Information supplied ->
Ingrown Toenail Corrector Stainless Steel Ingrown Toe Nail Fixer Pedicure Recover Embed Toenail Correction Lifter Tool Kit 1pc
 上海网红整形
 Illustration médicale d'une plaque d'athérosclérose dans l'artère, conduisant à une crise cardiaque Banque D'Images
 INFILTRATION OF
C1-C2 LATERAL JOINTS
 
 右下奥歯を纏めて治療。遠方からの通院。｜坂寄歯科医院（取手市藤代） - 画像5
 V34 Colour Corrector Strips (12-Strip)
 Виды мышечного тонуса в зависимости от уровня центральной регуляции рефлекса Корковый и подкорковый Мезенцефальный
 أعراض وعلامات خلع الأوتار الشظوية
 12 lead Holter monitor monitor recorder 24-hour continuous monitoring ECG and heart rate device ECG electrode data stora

Work instructions ->
Produce an exact copy of the lines from the one containing "INFILTRATION OF" through the final line of the data, both ends included, and only those.

Result of this task ->
 INFILTRATION OF
C1-C2 LATERAL JOINTS
 
 右下奥歯を纏めて治療。遠方からの通院。｜坂寄歯科医院（取手市藤代） - 画像5
 V34 Colour Corrector Strips (12-Strip)
 Виды мышечного тонуса в зависимости от уровня центральной регуляции рефлекса Корковый и подкорковый Мезенцефальный
 أعراض وعلامات خلع الأوتار الشظوية
 12 lead Holter monitor monitor recorder 24-hour continuous monitoring ECG and heart rate device ECG electrode data stora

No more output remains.